The project raised the water level sixty-four feet, submerged the hamlets of Wythburn and Armboth, destroyed a birch forest, erased a shoreline rich in beauty and folklore and endowed the lake with an artificial-looking muddy skirt during droughts. But was the drip-drip of press reports of official self-indulgence, lavish perks and, ultimately, outright fraud and theft that, for many, most damaged the reputation of the scheme.
The abuses ranged from petty expenses claims, hotel stays, first class rail travel and banquets, to a nine-day ratepayer-funded picnic for scores of councillors.
What capped it all was the revelation that Cockermouth-born Alderman John Grave, the Chairman of Manchester’s Waterworks Committee, who inspired the Thirlmere project in the first place, treated the fund intended to buy land beside Thirlmere, as a source of free loans for his calico printing business.
It was accepted that unpaid members of the council should receive expenses so they were not out of pocket when asked to do official business.
They got a generous allocation of first-class travel and a standard guinea and a half a day - which was counted as twenty-four hours - when carrying out their functions, plus cab fares on top. But complaints were made regularly about excessively large deputations going about on business little to do with the reservoir.
Questions were asked why so many councillors and their families needed to hold a “picnic” at the facility destined to receive Thirlmere supplies, Woodhead Waterworks only 17 miles from Manchester.
In 1884, Joseph Scott, the council’s elected auditor angrily dubbed these events “pleasure trips”. He suggested that the generous expenses offered by the council were encouraging people to abuse the system.
He said: “ 21/6 per day plus first-class railway fare. is an offer which is difficult to refuse,” and asked: “What reason is there why five or ten members should go on a deputation, when one or two would represent the wealth, wit, wisdom, and every other necessary qualification of the Council?”
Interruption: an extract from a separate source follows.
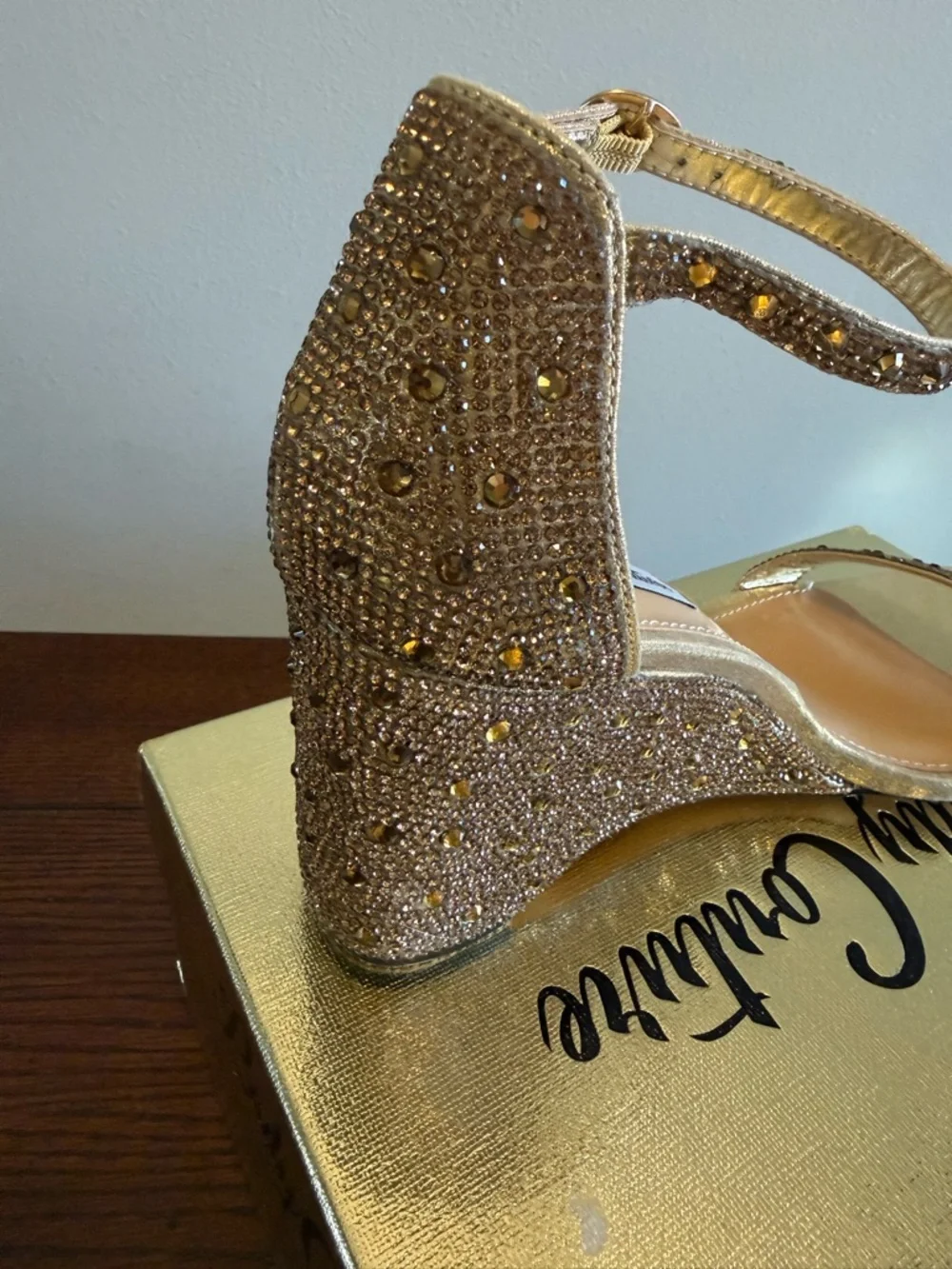 Lady Couture Kloe Gold Embellished‎ Wedge Sandal with Ankle Strap NEW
Scott complained that the “annual trip” of the Manchester Waterworks department to Woodhead that year had required the council to pay single rail fares for 69 people, a banquet at 25/- per person for 70 people, and travel back to Manchester by bus.
He said this was clearly a gross extravagance and an unjustifiable expenditure on the rates, but it had become an annual tradition. One “pic-nic” to Thirlmere, which lasted for 9 days, involved five councillors and one official. It happened when the Council were negotiating land purchases in the Lake District and involved entertaining of local Cumbrian landowners. This might just about have been justified.
But Scott queried how the party defended submitting expenses for spending on wines and spirits totalling £90,178 (£6,000 in 2023) which seemed a very large amount of alcohol to drink in such a short time.
He suggested it was unnecessary for so many aldermen to travel first class, and “the cost could be reduced nine-tenths.” Scott’s frustration seems justified because the council had no policy for ensuring the expenses paid out were actually related to council business at all, but members voted to take no action on his complaints.
The behaviour of Alderman Grave was more serious. The son of a Cockermouth saddler, he had moved to the boom town of Manchester to find a highly successful calico printing business and had become mayor three times. Elected to the council in 1856, he became very highly regarded in council circles. He manoeuvred to become chairman of the Waterworks Committee in 1869 — converting Thirlmere into a reservoir had been his brainchild.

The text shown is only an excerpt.